WCBE

The Salesman

Mar 1, 2017

Deserves Oscar for Best Foreign Language film.

The Salesman

Image courtesy of IMDb.

Grade: A

Director: Asghar Farhadi (A Separation)

Screenplay: Farhadi

Cast: Taraneh Alidoosti (About Elly), Shahab Hosseini (A Separation)

Rating: PG-13

Runtime: 2 hr 5 min

by John DeSando

Mixing Hitchcock  for suspense and Ibsen for realism, writer/director Asghar Farhadi takes his own spin on those masters to create a psychological thriller that is as much about domestic unrest as it is about who broke into the home and brutalized Emad’s ( Shahab Hosseini) wife, Rana (Taraneh Aldoosti).

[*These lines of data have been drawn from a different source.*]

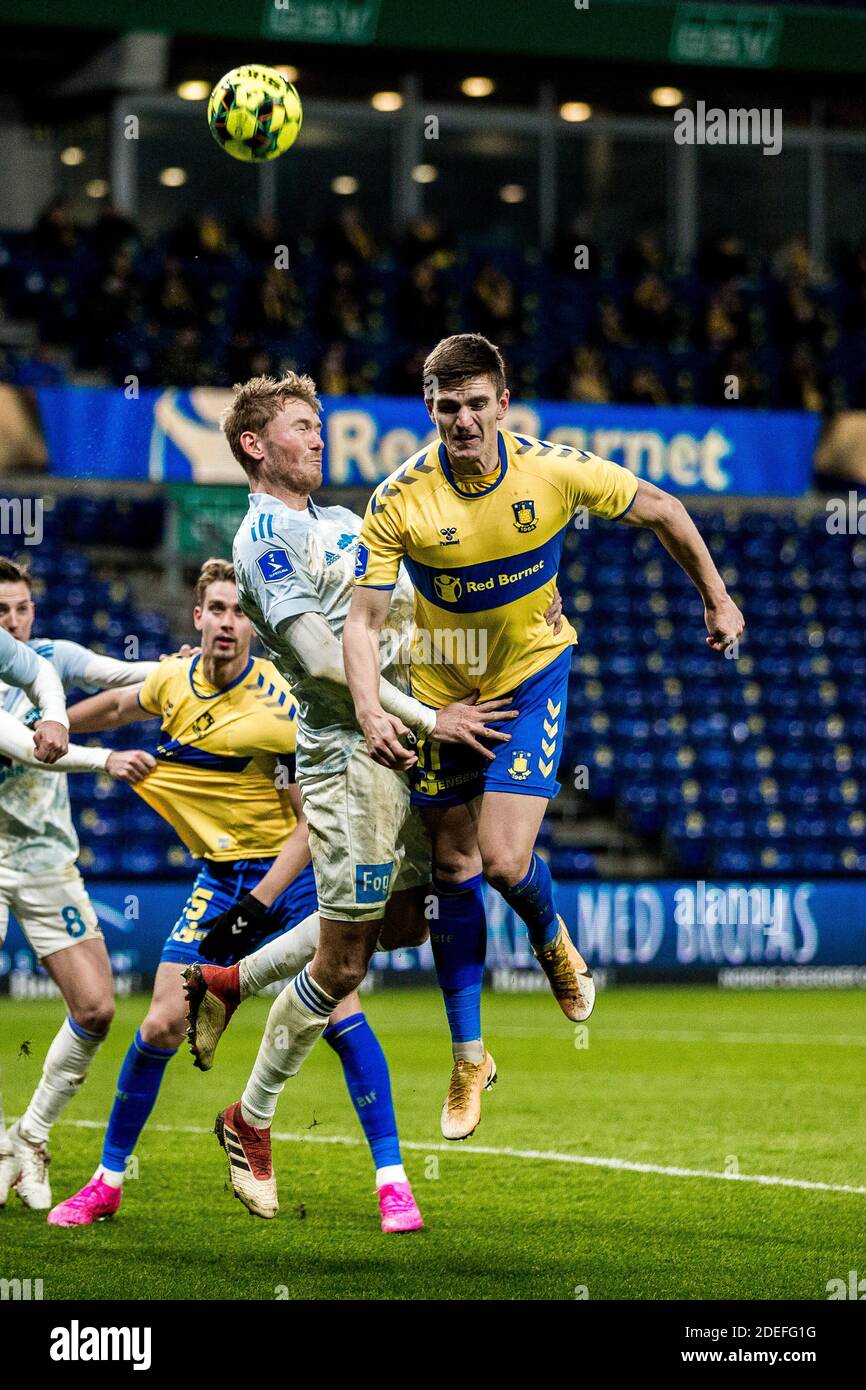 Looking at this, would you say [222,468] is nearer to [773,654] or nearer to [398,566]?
[773,654]

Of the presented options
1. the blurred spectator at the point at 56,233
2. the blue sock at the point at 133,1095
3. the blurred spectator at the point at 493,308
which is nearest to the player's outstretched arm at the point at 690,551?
the blue sock at the point at 133,1095

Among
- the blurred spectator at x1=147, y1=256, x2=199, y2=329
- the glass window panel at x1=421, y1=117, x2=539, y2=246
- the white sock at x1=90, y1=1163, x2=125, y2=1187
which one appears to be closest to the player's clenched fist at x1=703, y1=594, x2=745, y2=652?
the white sock at x1=90, y1=1163, x2=125, y2=1187

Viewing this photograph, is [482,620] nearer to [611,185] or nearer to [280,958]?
[280,958]

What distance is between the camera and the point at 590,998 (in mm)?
6496

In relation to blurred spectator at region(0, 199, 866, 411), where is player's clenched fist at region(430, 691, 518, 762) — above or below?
below

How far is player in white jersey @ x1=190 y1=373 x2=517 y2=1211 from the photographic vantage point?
6.12 m

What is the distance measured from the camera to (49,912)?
24.8 ft

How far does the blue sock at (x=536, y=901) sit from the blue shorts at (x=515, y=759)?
0.27 metres

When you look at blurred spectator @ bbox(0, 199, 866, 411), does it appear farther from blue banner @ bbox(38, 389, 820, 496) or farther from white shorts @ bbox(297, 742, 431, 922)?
white shorts @ bbox(297, 742, 431, 922)

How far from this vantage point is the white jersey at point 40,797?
24.8ft

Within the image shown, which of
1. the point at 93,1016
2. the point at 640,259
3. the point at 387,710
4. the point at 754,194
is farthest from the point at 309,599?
the point at 754,194

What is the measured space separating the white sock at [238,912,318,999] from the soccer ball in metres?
2.74

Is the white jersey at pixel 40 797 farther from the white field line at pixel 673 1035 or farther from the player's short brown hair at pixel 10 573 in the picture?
the white field line at pixel 673 1035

Although Emad is obsessed with finding the intruder, Rana seems to be ambivalent and uncertain how to proceed given the many subtle ramifications around truth. The story, mesmerizing in its little twists and turns, eventually turns on discovery and the tyranny of revenge (ask Othello about that one).Yet the pace is deadly slow:

Student: “How do people turn to cows?”

Emad: “Gradually!”

Unobtrusive direction is the key to this Foreign Language Oscar winner,  whose slow distribution and character revelation could go on without those reveals. But not Emad, who pursues truth like a Greek tragedian, slowly realizing his steps are jeopardizing everyone involved, even the perp. The infamous Iranian spirit of honor is present in a barely hidden form.

Farhadi’s sets are as tight as his frames, suggesting imprisonment when liberation would seem to be the goal. Farhadi has also framed the story with the husband and wife performing in Death of a Salesman; why Willy is Emad becomes clear at the end.

The Salesman is rich in simple but powerful story, first-rate directing, and allegory waiting to be found.  Although it seems Iran’s social unrest could be the subject, the broader humanity of going where one should not go and forgiving when it is not obvious why are also prominent. Add to those the figurative trope of leaving well enough alone when exploring someone close, like a wife, rings true for those who have discovered truth may not set them free.

"Haste me to know't, that I, with wings as swift / As meditation or the thoughts of love, / May sweep to my revenge" (Hamlet,1.5.29-31).